Selbstverständlich handelt es sich hier um Kerbwirkung. Bei einer scharfen Kante würde die Spannung gegen Unendlich divergieren. Mit einer Abrundung konvergiert die Spannung gegen einen endlichen Wert, der mit zunehmendem Radius abnimmt. Es gibt über das Thema übrigens ein sehr schöne Dissertation "Kerbspannung und Kerbformoptimierung" von Marcus Scherrer, die hier

https://publikationen.bibliothek.kit.edu/1000000200

heruntergeladen werden kann und auch noch mit einer kurzen Einführung in die Elastizitätstheorie und die FEM eingeleitet wird - kann ich nur empfehlen.

 

 

@Anonymous  schrieb:

... Irgendwie schaut das nicht so aus, als ob es gegen einen Wert konvergiert. ...

 

Bei einer Konvergenzbetrachtung nach der h-Methode darf man nicht einfach nur die Maximalspannung auswerten, besonders, wenn diese bei einer Netzverfeinerung deutlich den Ort wechselt.

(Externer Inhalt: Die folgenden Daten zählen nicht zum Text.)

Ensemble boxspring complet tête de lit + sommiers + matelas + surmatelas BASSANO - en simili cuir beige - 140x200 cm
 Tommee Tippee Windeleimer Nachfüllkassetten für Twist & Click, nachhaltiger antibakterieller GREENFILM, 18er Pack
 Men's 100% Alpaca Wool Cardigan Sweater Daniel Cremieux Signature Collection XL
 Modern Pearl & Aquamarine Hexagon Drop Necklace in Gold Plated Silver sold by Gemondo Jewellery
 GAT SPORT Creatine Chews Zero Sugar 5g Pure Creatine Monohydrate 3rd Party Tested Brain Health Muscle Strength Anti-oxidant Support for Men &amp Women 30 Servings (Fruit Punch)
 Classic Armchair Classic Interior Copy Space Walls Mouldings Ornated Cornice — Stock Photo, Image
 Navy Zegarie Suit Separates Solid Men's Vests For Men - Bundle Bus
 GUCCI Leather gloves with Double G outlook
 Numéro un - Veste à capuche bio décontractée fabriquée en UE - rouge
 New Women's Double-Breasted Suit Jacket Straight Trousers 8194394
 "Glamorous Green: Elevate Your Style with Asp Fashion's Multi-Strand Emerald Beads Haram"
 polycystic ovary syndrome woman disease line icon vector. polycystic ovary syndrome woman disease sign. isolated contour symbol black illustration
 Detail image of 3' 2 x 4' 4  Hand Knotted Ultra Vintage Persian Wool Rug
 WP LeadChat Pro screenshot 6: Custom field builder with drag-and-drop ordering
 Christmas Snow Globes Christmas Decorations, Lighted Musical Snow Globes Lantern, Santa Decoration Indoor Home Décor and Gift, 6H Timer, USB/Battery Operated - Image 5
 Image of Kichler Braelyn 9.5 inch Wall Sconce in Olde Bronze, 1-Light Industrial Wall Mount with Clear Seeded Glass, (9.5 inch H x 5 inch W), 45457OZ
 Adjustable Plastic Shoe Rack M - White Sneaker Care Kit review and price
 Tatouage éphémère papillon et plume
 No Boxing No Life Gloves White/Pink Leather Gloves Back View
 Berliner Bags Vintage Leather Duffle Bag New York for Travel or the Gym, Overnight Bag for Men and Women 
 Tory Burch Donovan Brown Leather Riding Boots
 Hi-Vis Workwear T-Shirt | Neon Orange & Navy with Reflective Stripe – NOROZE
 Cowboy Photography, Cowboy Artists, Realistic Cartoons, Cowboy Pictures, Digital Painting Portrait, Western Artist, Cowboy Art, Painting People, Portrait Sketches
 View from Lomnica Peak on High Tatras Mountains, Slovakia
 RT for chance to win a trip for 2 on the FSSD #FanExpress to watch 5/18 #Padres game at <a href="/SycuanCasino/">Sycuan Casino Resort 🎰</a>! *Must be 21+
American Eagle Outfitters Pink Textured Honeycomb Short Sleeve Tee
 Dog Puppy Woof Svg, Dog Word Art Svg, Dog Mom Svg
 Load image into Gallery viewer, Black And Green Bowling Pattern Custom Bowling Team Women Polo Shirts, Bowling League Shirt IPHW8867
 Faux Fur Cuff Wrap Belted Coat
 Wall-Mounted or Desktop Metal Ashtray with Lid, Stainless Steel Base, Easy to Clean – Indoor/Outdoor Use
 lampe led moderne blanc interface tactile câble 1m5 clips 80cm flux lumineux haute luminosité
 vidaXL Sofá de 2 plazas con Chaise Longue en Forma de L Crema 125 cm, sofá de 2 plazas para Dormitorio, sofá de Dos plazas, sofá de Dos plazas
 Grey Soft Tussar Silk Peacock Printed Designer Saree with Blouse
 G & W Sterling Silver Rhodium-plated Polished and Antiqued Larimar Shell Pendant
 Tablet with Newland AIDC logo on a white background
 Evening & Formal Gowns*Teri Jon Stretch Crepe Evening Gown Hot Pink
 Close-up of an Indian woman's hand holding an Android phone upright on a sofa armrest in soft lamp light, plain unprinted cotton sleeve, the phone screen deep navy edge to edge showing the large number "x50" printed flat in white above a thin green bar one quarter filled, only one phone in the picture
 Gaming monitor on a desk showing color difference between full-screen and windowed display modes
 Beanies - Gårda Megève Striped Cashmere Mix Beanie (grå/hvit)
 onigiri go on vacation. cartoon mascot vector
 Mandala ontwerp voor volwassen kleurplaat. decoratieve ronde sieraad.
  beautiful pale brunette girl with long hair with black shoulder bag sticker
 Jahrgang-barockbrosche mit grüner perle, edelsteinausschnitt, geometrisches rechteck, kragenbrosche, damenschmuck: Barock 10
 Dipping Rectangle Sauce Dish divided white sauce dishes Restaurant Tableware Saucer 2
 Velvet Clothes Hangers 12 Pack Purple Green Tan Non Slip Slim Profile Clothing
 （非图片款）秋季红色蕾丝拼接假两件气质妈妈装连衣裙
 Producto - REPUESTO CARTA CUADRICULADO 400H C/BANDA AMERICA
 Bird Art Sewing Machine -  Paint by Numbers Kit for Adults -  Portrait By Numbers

Ma muss vor allem beachten, dass der Maximalwert auch durch Ausreißer entstehen kann, die der Vernetzung geschuldet sind.

 

Ich habe mal einen Schnitt durch den Radius des Originalmodells an der Stelle gelegt, wo bei einer Netzelementgröße von 0,01 mm die maximale Spannung angezeigt wird und die Farbskala etwas angepasst, damit die Schwankungen deutlicher sichtbar werden.

 

191219-vonMises0_01mm.png

 

Theoretisch müsste aufgrund der Rotationssymmetrie längs der Schnittkante sich ein einheitlicher Spannungswert ergeben. Wegen der unregelmäßiegen Vernetzung gibt es hier aber deutlich unterschiedliche Werte. Wenn nur einzelne, begrenzte Stellen diese Werte ausweisen, sind sie nicht aussgakräftig. Statt dessen sollte man einen Mittelwert bilden. Zudem ist ja in der Bewertung auch immer ein Sicherheitsfaktor vorzusehen.